Hanging of convicted Filipino maid ———————————-
MALAYSIA and Indonesia yesterday expressed the hope that Singapore and the Philippines would settle their differences over the hanging of a convicted Filipino maid amicably and not allow the row to jeopardise regional unity.

“We must not do anything to undermine and jeopardise our own longer regional and strategic interests,” Malaysian Defence Minister Datuk Seri Najib Tun Razak told a news conference in Singapore after receiving the Republic’s highest military award.

“We hope that the problem will go away or blow over and that wider interests will prevail,” he said, adding that Asean’s success and viability as an organisation would override any bilateral problems in the region.

Meanwhile in Kuala Lumpur, Foreign Minister Datuk Abdullah Ahmad Badawi said Malaysia felt Asean countries should not allow problems between them to jeopardise their good bilateral relations.

“We hope there will not be any action that can cause a break in ties among Asean members,” he told reporters after attending a meeting between Malaysian and Lebanese delegations.

While most Malaysian dailies downplayed the diplomatic troubles between the Philippines and Singapore over the execution of Flor Contemplacion convicted of murdering another Filipino maid and a four-year-old Singapore boy – the Star and the Utusan Malaysia made it their front page leads.

In Jakarta, Indonesian Foreign Minister Ali Alatas said his country deeply regretted the strain in relations between Singapore and the Philippines.

Responding to questions from reporters yesterday, and separately at a parliamentary commission hearing on Wednesday night where the issue was also raised, he said Indonesia hoped “cooler heads would prevail”.

He told the parliamentary commission, which oversees foreign affairs, defence and security matters, that he hoped there would soon be an easing of the strain in relations.

“It is deeply regrettable that the issue has seen the emergence of emotions on the Philippine side to the extent that it has resulted in disturbances to relations between Singapore and the Philippines,” he said.

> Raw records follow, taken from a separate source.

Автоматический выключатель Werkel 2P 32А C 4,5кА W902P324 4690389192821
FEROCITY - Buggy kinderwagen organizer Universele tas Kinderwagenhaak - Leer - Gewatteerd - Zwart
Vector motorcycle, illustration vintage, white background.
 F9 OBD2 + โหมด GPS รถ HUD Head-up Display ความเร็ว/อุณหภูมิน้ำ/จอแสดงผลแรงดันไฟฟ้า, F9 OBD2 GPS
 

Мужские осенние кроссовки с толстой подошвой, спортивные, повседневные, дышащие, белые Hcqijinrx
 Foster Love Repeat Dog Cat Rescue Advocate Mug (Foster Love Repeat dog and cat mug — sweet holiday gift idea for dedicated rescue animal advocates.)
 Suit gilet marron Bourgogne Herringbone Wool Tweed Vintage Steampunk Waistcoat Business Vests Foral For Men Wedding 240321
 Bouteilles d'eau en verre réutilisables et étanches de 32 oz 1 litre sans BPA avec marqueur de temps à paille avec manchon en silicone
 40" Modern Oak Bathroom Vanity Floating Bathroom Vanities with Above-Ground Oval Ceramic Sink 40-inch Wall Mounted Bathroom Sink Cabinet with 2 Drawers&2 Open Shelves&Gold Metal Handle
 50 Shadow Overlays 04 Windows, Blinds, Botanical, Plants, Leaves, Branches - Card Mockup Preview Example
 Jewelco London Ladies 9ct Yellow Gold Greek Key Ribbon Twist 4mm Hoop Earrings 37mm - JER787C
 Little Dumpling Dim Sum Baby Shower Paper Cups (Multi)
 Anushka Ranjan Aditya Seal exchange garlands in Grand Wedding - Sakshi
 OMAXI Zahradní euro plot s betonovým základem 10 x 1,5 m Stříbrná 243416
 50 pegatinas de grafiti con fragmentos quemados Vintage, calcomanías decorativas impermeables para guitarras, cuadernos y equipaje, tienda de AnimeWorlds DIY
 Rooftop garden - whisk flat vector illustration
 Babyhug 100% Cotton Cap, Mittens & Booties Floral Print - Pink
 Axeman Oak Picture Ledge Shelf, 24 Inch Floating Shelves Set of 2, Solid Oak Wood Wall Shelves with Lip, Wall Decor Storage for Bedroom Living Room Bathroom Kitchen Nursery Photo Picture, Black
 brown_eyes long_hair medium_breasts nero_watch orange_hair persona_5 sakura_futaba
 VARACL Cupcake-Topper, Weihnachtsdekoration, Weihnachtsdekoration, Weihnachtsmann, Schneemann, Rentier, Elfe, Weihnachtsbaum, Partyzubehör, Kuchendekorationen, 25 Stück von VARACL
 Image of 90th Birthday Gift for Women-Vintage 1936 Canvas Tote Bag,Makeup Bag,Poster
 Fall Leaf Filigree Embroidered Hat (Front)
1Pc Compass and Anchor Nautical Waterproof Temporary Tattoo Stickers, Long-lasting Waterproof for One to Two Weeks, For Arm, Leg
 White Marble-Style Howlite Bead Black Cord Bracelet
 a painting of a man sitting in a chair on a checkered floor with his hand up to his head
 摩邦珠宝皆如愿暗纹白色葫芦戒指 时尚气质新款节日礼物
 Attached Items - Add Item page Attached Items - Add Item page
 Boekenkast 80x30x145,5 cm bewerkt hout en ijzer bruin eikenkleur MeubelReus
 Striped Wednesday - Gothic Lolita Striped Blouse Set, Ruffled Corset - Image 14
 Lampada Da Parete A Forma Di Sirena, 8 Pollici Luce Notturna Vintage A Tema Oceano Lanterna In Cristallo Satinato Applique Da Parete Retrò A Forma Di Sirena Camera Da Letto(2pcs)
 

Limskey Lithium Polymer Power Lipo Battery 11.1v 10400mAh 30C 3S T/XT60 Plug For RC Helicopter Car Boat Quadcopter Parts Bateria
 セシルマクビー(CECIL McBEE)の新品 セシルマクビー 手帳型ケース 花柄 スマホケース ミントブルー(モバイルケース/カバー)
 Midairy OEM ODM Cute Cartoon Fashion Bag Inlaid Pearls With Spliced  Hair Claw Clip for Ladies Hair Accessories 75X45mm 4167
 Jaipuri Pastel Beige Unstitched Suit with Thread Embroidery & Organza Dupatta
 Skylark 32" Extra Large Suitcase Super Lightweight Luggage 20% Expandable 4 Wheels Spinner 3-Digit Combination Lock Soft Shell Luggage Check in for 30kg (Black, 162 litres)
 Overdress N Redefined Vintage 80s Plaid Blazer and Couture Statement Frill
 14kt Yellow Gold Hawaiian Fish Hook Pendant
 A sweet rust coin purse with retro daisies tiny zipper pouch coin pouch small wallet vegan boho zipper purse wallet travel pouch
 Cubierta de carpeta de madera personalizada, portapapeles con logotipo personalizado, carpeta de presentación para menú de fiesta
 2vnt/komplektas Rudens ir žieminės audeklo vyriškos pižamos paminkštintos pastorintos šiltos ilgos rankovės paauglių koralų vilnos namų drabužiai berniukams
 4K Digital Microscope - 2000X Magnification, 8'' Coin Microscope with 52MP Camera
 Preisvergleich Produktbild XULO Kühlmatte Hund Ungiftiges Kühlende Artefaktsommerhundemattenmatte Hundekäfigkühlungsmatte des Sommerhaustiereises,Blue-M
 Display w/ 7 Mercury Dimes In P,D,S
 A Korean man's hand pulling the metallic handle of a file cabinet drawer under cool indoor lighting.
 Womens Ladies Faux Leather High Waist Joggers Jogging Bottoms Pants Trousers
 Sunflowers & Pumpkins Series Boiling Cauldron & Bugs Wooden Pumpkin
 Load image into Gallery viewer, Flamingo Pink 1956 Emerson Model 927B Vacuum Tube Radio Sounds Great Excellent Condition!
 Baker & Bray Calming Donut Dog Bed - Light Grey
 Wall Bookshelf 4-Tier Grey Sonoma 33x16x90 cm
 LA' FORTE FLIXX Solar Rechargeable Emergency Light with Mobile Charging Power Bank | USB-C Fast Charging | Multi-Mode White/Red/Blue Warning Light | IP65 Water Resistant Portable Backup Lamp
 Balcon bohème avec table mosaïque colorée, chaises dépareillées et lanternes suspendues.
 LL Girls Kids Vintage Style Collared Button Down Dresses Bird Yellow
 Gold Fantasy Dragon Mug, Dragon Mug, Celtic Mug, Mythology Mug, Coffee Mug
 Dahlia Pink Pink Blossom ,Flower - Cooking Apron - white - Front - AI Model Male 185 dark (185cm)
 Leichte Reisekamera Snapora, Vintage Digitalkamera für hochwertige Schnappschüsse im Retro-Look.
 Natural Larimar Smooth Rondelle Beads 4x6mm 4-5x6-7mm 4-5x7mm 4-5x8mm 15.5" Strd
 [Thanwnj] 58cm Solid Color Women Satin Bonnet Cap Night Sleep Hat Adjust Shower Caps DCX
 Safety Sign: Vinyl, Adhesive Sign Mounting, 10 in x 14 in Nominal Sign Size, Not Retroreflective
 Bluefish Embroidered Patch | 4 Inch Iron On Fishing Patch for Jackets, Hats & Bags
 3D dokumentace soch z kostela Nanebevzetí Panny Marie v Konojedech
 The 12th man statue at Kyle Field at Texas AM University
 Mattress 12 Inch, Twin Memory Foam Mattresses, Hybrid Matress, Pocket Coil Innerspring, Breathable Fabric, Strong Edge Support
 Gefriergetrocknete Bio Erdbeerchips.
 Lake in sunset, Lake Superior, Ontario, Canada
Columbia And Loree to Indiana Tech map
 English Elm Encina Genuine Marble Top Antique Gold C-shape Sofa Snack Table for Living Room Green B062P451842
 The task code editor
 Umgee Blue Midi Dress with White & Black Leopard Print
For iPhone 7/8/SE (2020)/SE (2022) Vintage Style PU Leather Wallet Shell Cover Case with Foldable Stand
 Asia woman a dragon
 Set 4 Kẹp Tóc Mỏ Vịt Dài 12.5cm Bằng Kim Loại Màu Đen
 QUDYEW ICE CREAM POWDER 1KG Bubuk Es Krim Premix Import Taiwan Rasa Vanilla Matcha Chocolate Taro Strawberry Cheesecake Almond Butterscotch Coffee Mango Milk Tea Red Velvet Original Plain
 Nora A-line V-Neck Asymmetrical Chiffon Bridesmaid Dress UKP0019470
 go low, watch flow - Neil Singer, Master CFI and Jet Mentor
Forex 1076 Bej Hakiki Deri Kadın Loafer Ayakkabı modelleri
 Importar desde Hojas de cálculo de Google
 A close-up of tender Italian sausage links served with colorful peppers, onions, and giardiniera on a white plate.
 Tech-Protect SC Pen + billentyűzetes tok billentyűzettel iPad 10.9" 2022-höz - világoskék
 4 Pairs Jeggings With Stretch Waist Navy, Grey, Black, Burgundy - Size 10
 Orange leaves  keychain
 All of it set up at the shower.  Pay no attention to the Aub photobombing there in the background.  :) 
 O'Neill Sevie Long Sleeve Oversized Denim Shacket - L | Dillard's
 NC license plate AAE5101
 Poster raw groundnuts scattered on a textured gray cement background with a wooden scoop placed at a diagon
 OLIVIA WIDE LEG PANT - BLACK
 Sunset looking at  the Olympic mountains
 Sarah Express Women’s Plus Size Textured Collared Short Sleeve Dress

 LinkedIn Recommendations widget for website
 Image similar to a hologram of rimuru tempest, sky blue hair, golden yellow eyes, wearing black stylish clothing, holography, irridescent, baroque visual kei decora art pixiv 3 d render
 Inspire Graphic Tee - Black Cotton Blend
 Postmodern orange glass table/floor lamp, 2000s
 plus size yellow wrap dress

Legislators Krissantono from the ruling Golkar and Sabam Sirait from the Indonesian Democratic Party had asked Mr Alatas whether Indonesia was taking any steps to address the issue and how Indonesia, as an “older brother”, viewed the development.

Mr Alatas, who spoke to reporters yesterday before a ministerial meeting with Vice-President Try Sutrisno, said there was no plan by Indonesia to intercede, saying that the matter was for Singapore and the Philippines to deal with.

The row between the two countries has received extensive coverage in Indonesia.

The media is following the case closely partly because it involves two near Asean neighbours, and also because Indonesia has a many workers overseas, including many as maids in Singapore. – By Derwin Pereira, Ismail Kassim and Paul Jacob.